Awami League trying to demean Zia, alleges BNP

BNP Secretary General Mirza Fakhrul Islam Alamgir has alleged that ruling Awami League is trying to belittle their party founder Ziaur Rahman by resorting to a “false” campaign against him.

“Efforts are on to belittle the person [Zia] who declared the country’s independence, fought for the country and awakened the nation after assuming state power by spreading false information,” he told a virtual discussion on Sunday.

The senior BNP leader said Awami League politicised the country’s institutions as it never evaluates impartial and qualified people belonging to other parties.

“They’ve now politicised the entire state machinery as per their ideology and principle. Because, in 1975, they established a one-party Baksal rule. We’ve not forgotten it… It’s not so easy to cover up the truth,” he said.

Pro-BNP platform Bangladesh Krira Unnayan Parishad had organised the program he was addressing, marking BNP founder Ziaur Rahman's late younger son Arafat Rahman Koko’s 51st birth anniversary.

Mirza Fakhrul said the nation is going through a very bad time as the government has destroyed democracy, the main spirit of the Liberation War. “Nothing, including the sports, music and politics, is out of politicisation as we lost the spirit of building a democratic state and a democratic society.”

Mentioning that he met renowned Lalon singer Farida Parveen and her flutist husband at an event at the American Embassy, he said: “They told me with a regret that they are no longer now invited to any government programs or the government-sponsored television channels.

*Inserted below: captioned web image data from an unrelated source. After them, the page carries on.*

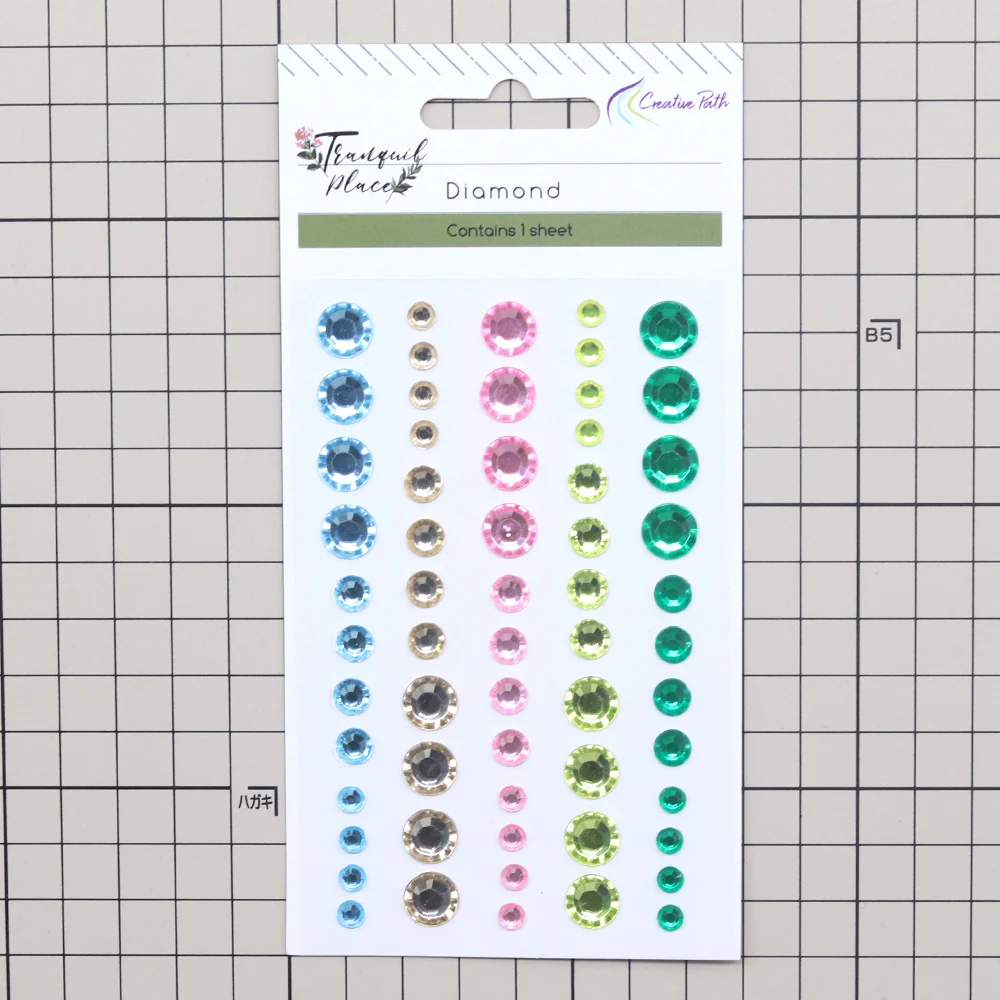 Creative Path Tranquil Place Scrapbooking Journaling Komplettsets 15 Stück Dekorative Papier-Ausschnitte Rahmen Aufkleber DIY Bastelsets – Detail 36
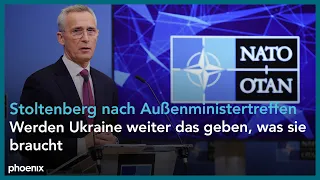 Abschluss-Pressekonferenz NATO-Generalsekretär Stoltenberg nach Außenministertreffen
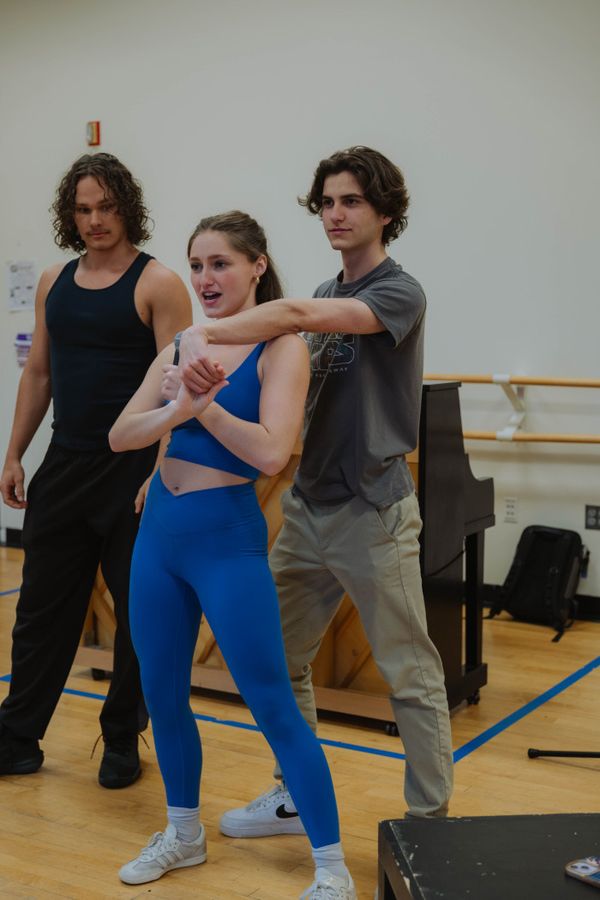 Riley Ready, Landin Fisher, Ethan Naggiar  This Is Not A Cabaret: The Green Room 42. April 24 at 7:00 5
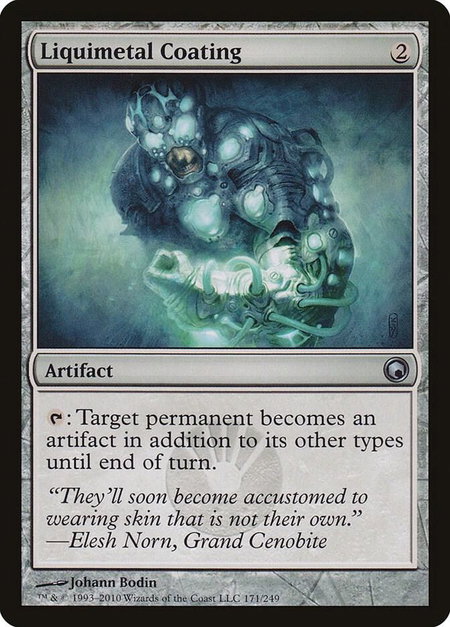 Liquimetal Coating - Scars of Mirrodin Magic: The Gathering trading card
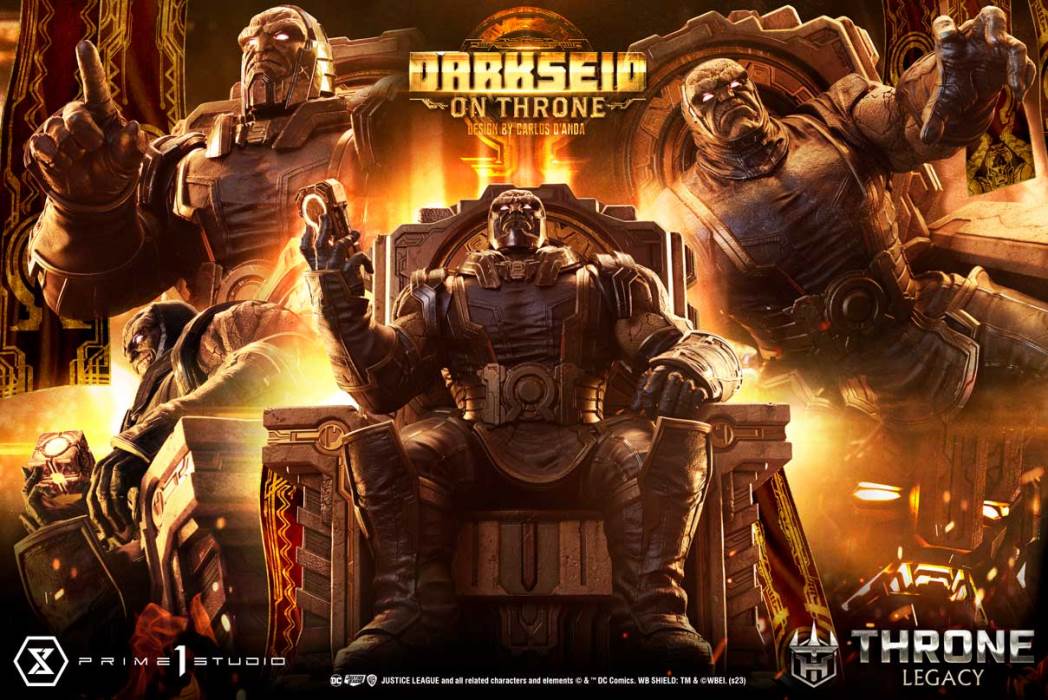 Justice League (Comics) Darkseid on Throne (Design by Carlos D'Anda) DX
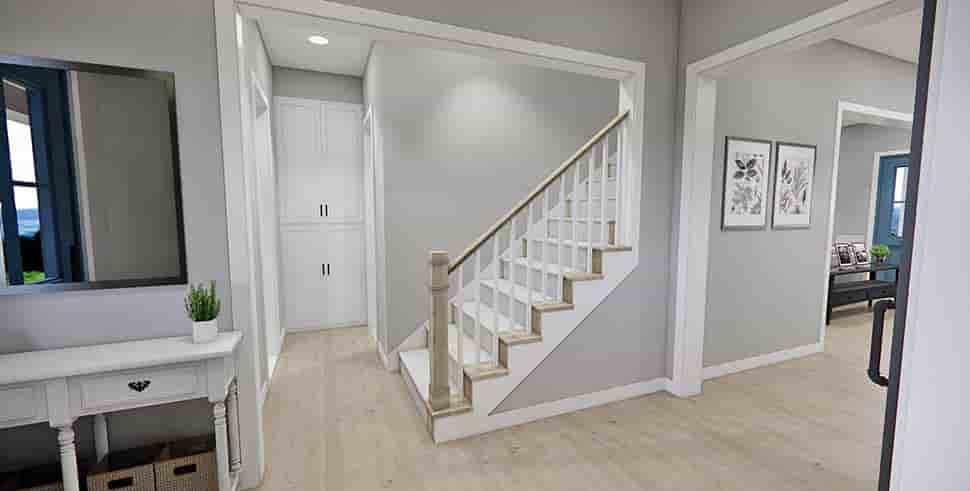Country, Farmhouse, New American House Plan 41973 with 4 Beds, 4 Baths, 2 Car Garage Picture 12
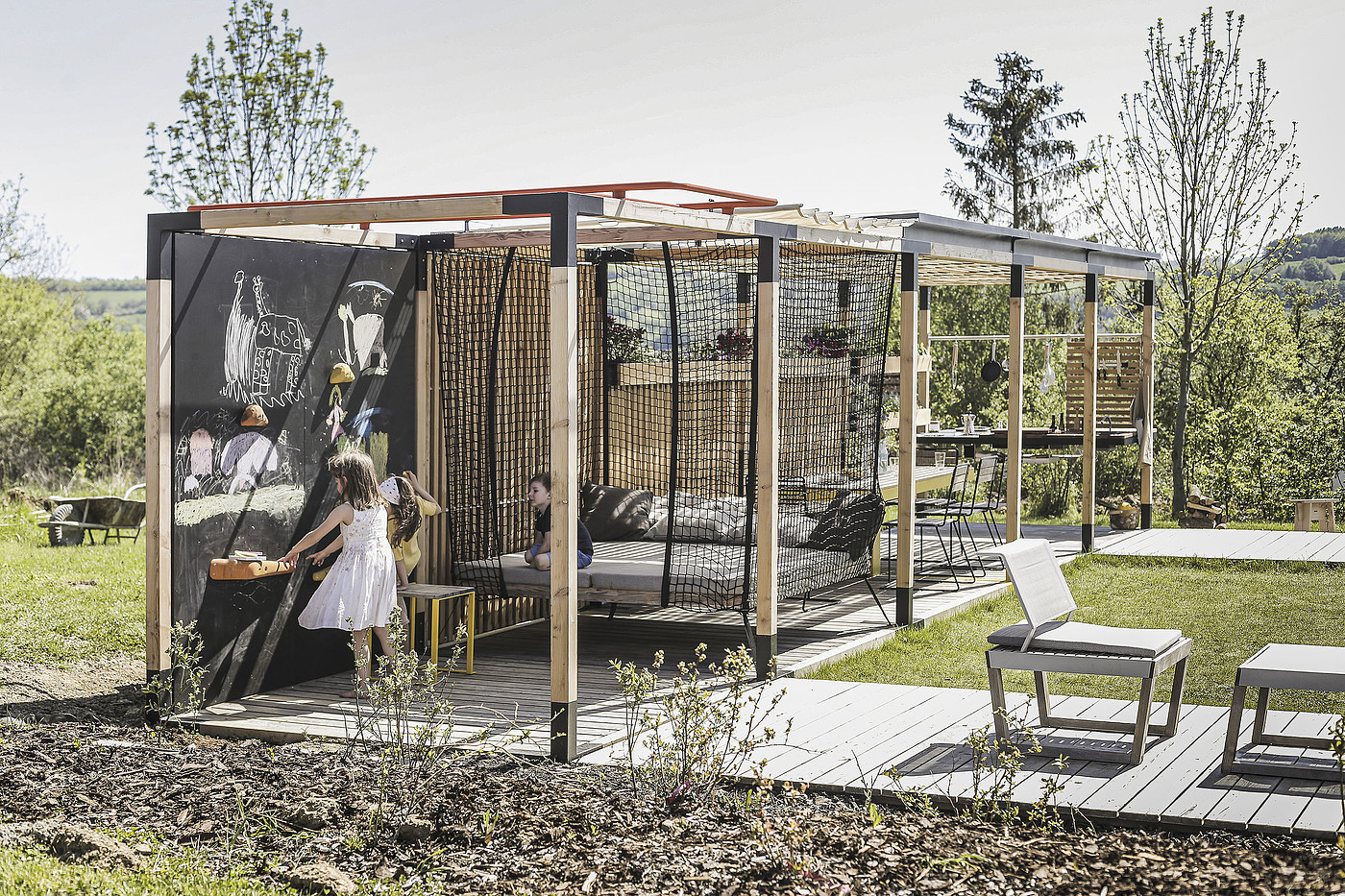 product design，courtyard，Awning，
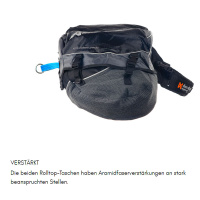 Non-stop dogwear Amundsen Pak Hunderucksack in grau schwarz S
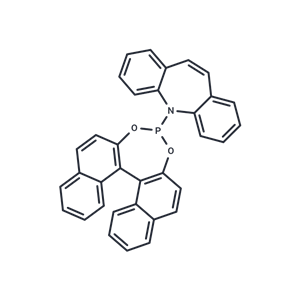 化合物 5-(11bR)-Dinaphtho[2,1-d:1',2'-f][1,3,2]dioxaphosphepin-4-yl-5H-dibenz[b,f]azepine|T64437|TargetMol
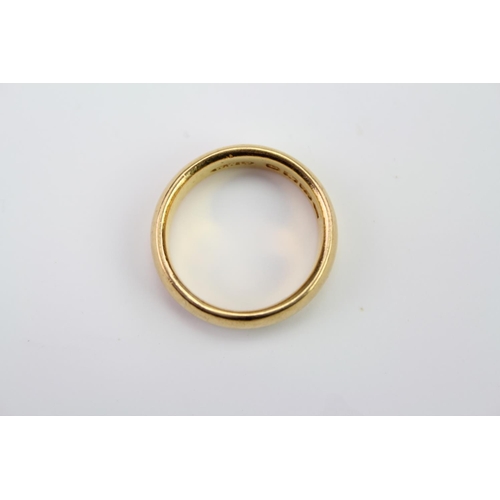 168A - A Ladies 22ct Gold Wedding Ring. Weighing: 9.9 grams. Size: m.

“Think what a painful situation that greatest artist like Farida Parveen won many international awards and her prominent flutist husband are now ignored.”

The same way, Fakhrul bemoaned that the forums of many people who had fought the Liberation War but belonged to other parties were not allowed to be taken to Shaheed Minar after their deaths.

To get rid of the situation, he said, there is no alternative to strengthening the movement for the “restoration” of democracy in the country.

Fakhrul said their party wants to build the country and establish a democratic society together with all putting aside political division. “We shouldn’t evaluate anyone based on their political affiliation. The important thing is that the country belongs to all.”

He also recalled Koko’s contributions to the development of the country’s sports sector.

Koko, who at the time was carrying a six-year jail term on his head for siphoning off crores of taka out of the country, died in Malaysia after a cardiac arrest in January 2015.